▸ **How to complete this task**:
From the first line of the listing, copy each line exactly until you have included the line with "比如FurryQQ群介绍"; leave out the pictures.

▸ **Available records**:
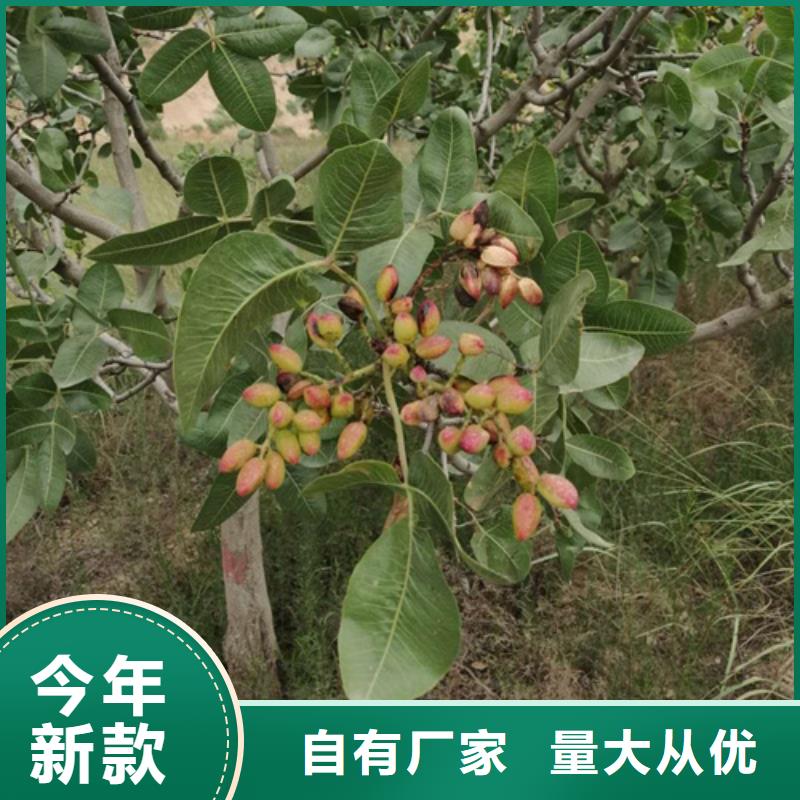 開心果【獼猴桃苗】標(biāo)準(zhǔn)工藝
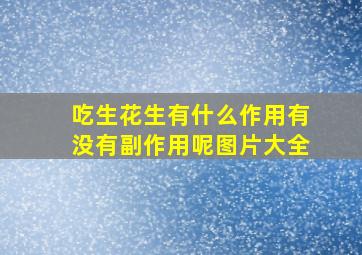 吃生花生有什么作用有没有副作用呢图片大全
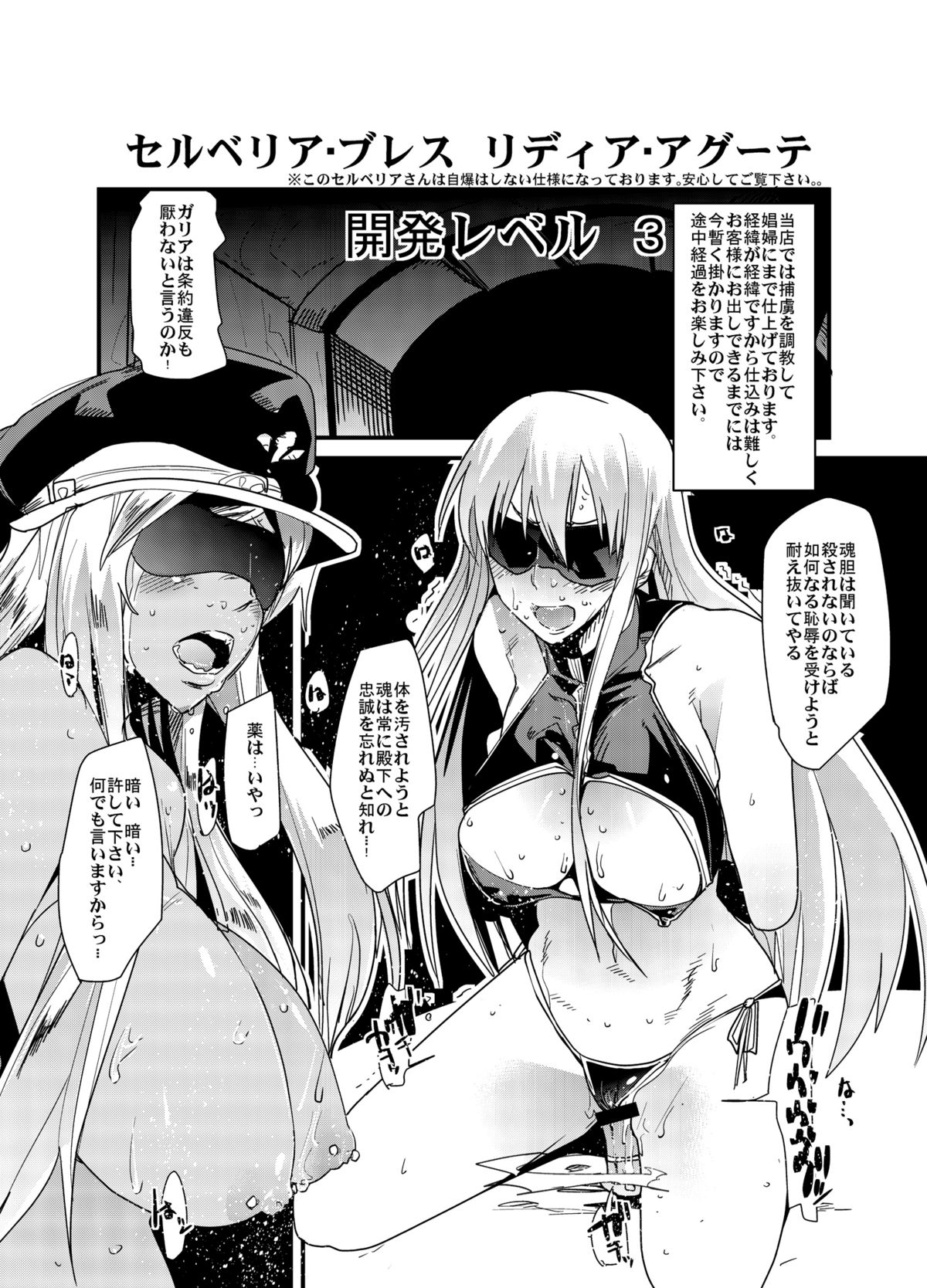 [ブロンコ一人旅 (内々けやき)] ガリア風俗隊 (戦場のヴァルキュリア3) [DL版]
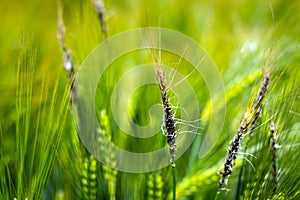 Fungal diseases on the ear of brewing barley photo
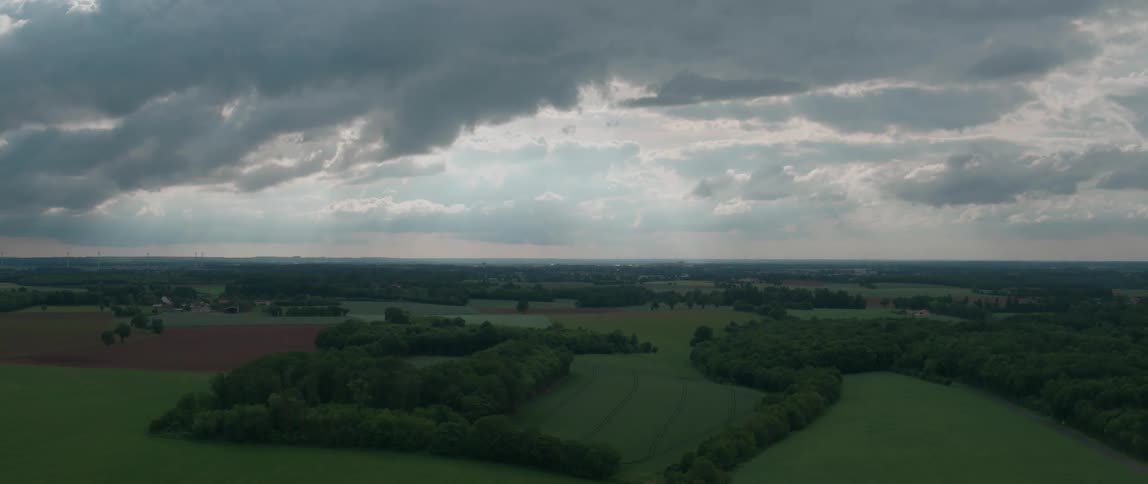 Rows of crops are surrounded by bushes in a vast field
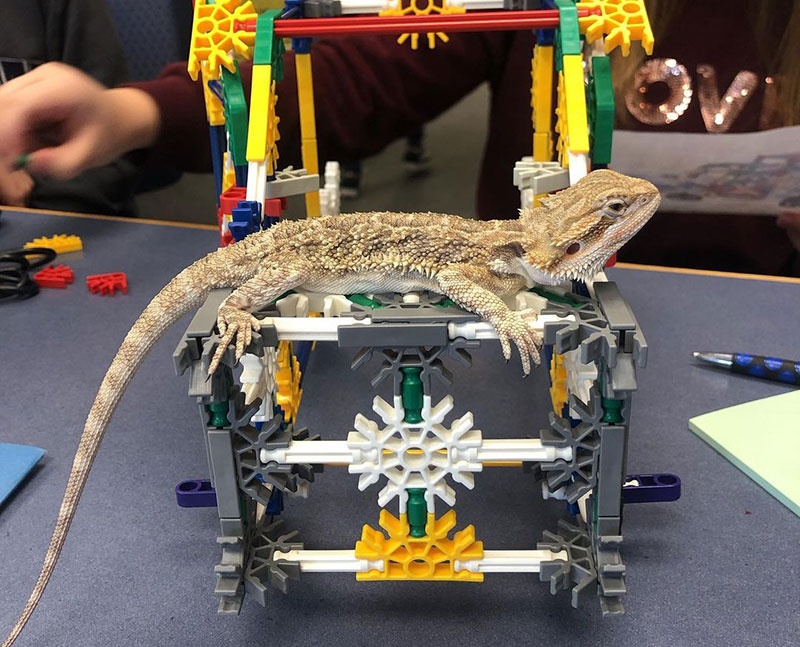 Move Over, Cats. Bearded Dragons Make Great Library Pets.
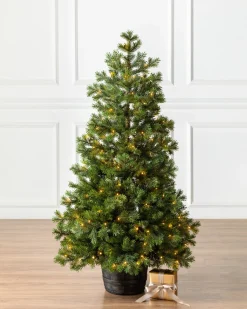 Balsam Hill Baby Yukon Spruce® Potted Trees Clearance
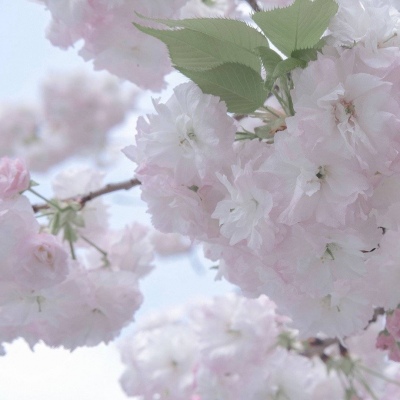 比如FurryQQ群介绍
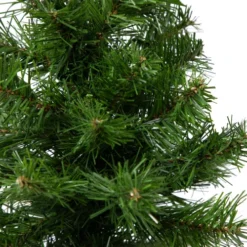 Northlight 18" Medium Blackwater Fir Artificial Christmas Tree - Unlit -Twinkly Popular Shop northlight b83529 03 13646.1692890720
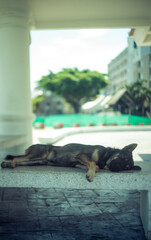 A black homeless dog is sleeping soundly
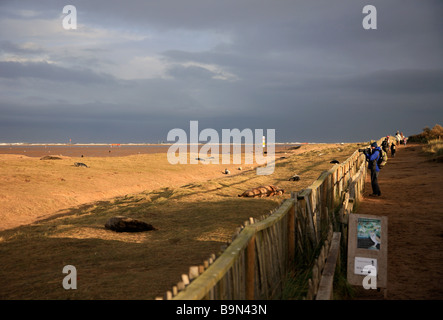 North Atlantic Grey Seal Colony Halichoerus Grypus Donna Nook RAF Bombardierung Bereich National Nature Reserve Lincolnshire England UK Stockfoto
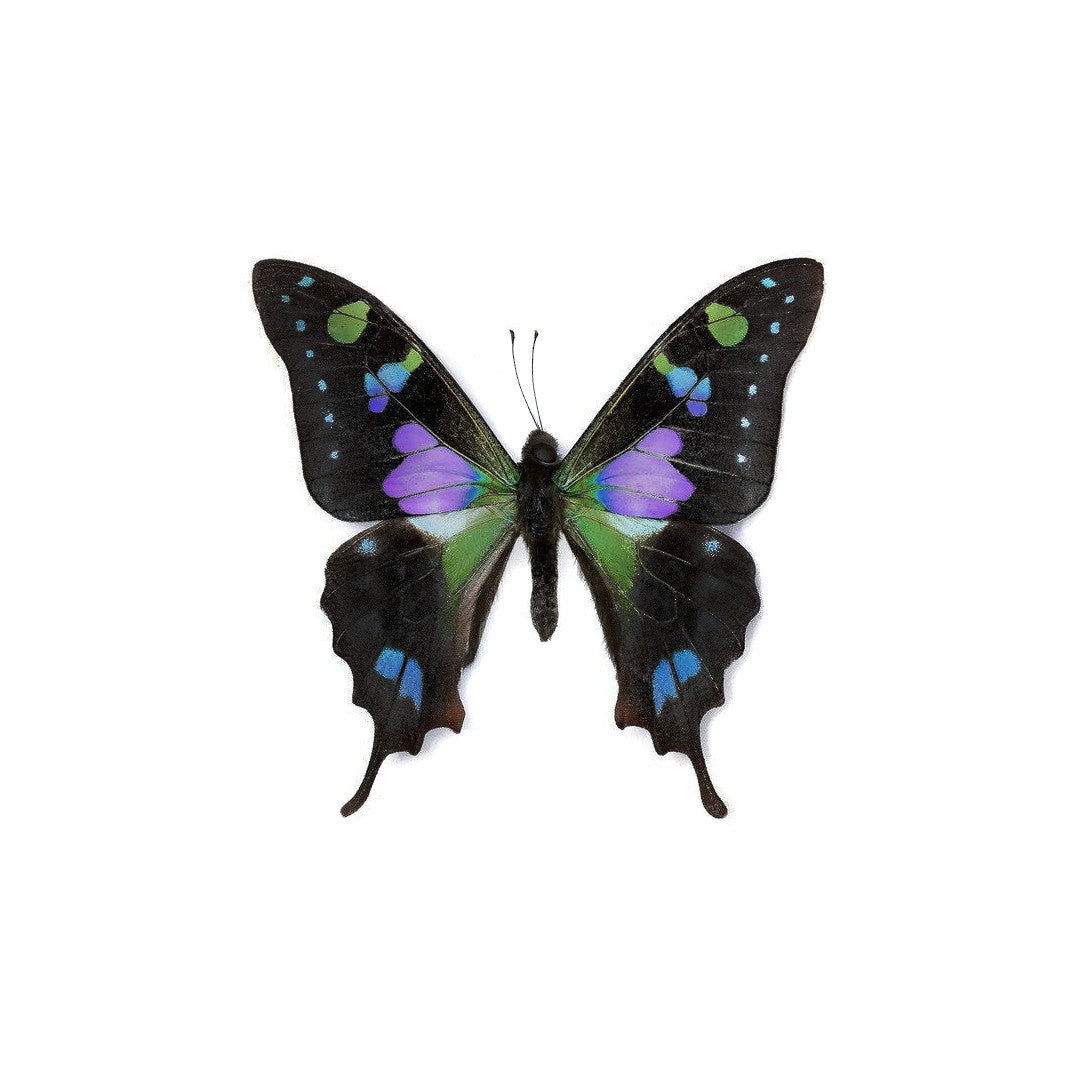 ARETES FILIGRANA PUNTO AZUL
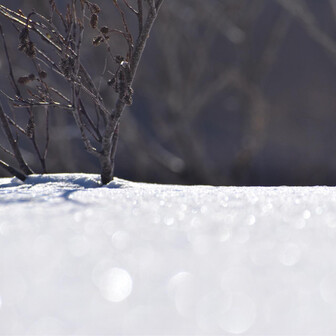 鳥海山・七高山・笙ヶ岳 キラキラ✨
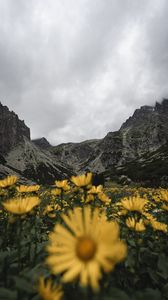 Preview wallpaper mountains, rocks, flowers, yellow, wildflowers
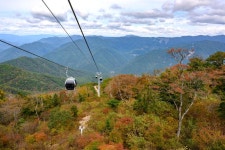 사진으로 보는 정선 | 정선군청 > 열린군정 > 참여소통 > 사진으로보는정선 > 사진으로 보는 정선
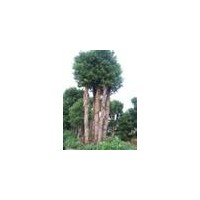 優(yōu)價(jià)供應(yīng)各種香樟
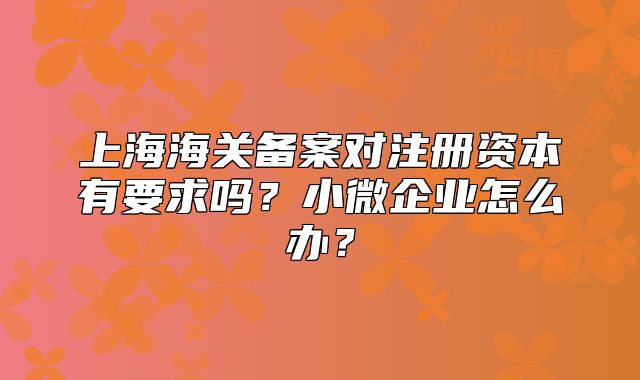 上海海關備案對注冊資本有要求嗎？小微企業(yè)怎么辦？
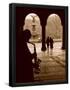 Essential Black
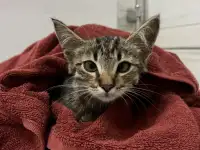 Отдам кошечку в хорошие руки!, фотография 2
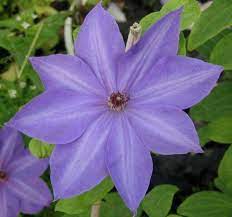 We did not find results for: Clematis Elsa Spath Taylors Clematis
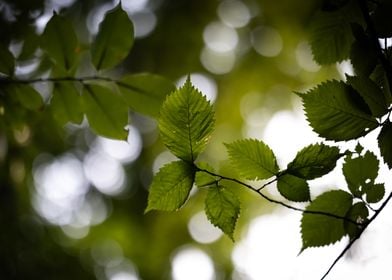 Green Leaves in Sunlight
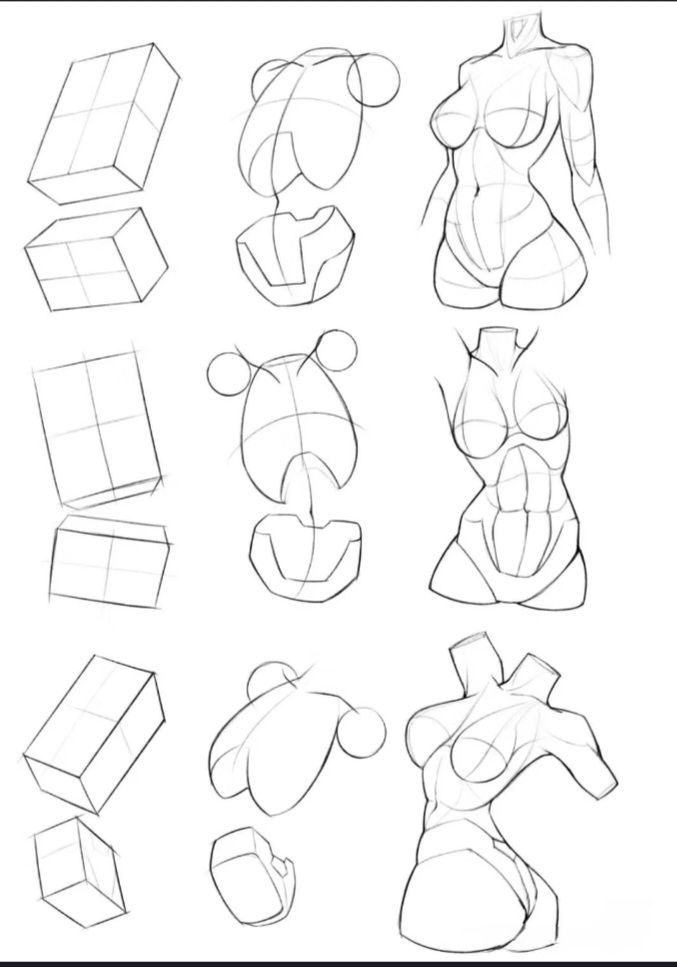 Drawing tutorial showing step-by-step female torso anatomy using cubes and circles for structure.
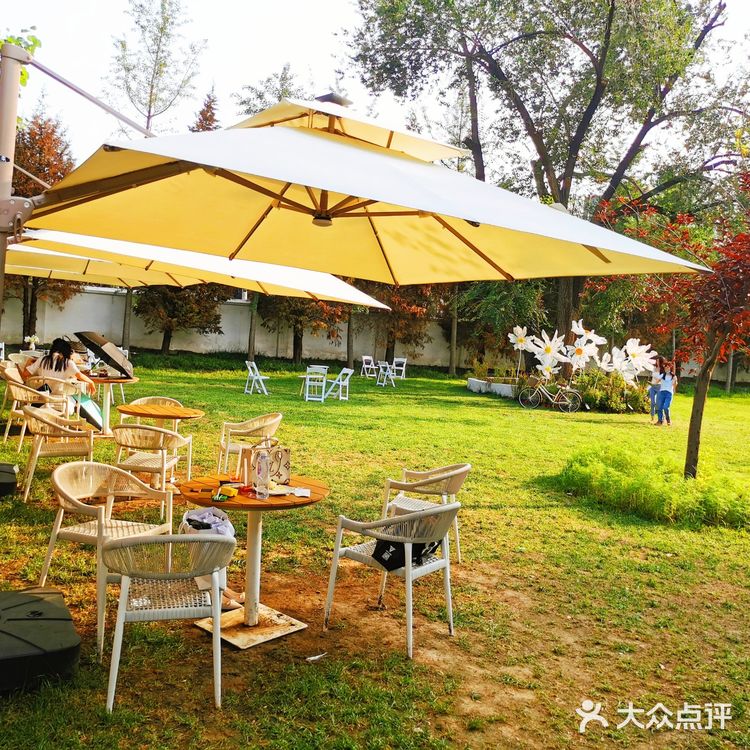 发呆一下午，出片300张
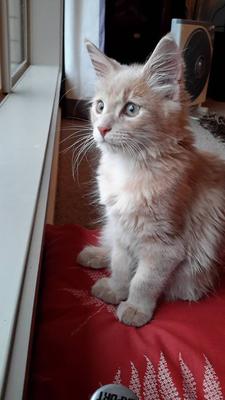 Judah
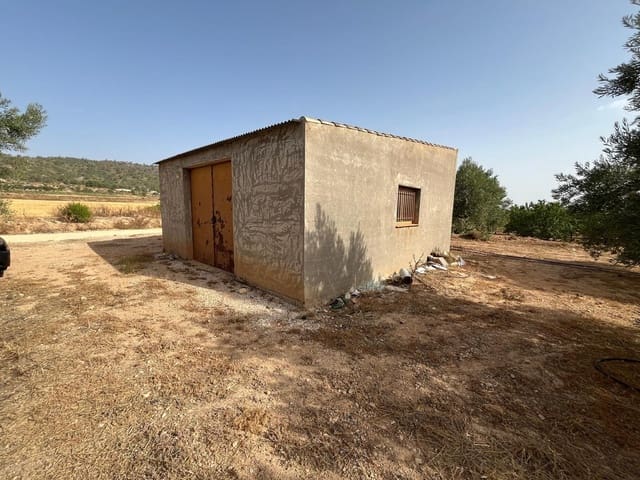 Finka/Dom wiejski na sprzedaż w Salinas - 60 000 € (Ref: 10009134)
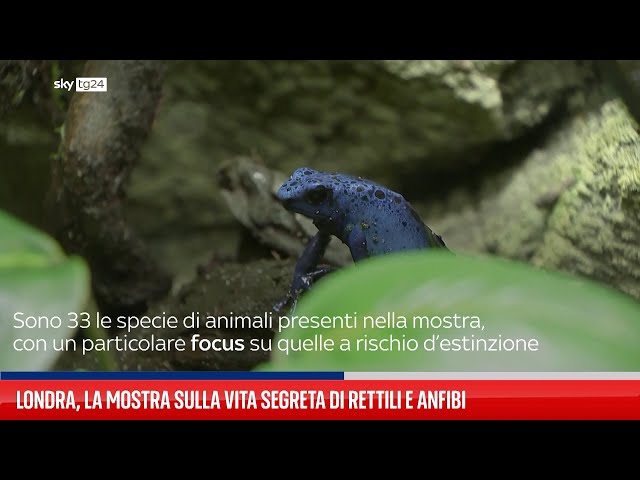 ⁣Zoo di Londra, in mostra rettili e anfibi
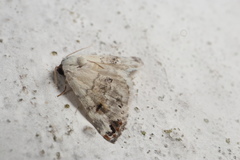 Coccidiphaga scitula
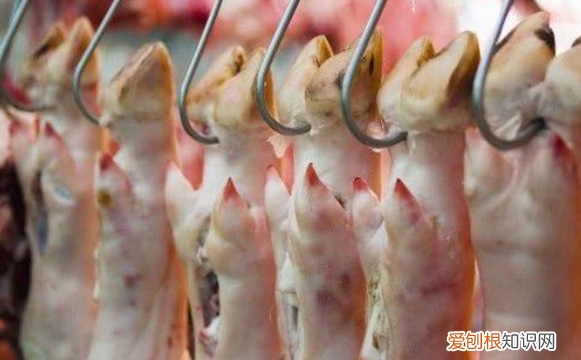 如何分辨猪手和猪脚,猪脚和猪蹄有什么区别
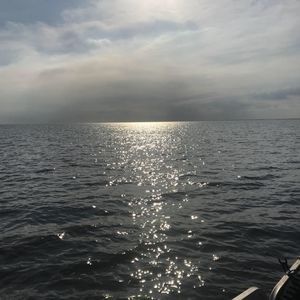 Meet your Posher, Kathy polich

▸ **Worked solution**:
 開心果【獼猴桃苗】標(biāo)準(zhǔn)工藝
 吃生花生有什么作用有没有副作用呢图片大全
 [ブロンコ一人旅 (内々けやき)] ガリア風俗隊 (戦場のヴァルキュリア3) [DL版]
 Fungal diseases on the ear of brewing barley photo
 Rows of crops are surrounded by bushes in a vast field
 Move Over, Cats. Bearded Dragons Make Great Library Pets.
 Balsam Hill Baby Yukon Spruce® Potted Trees Clearance
 比如FurryQQ群介绍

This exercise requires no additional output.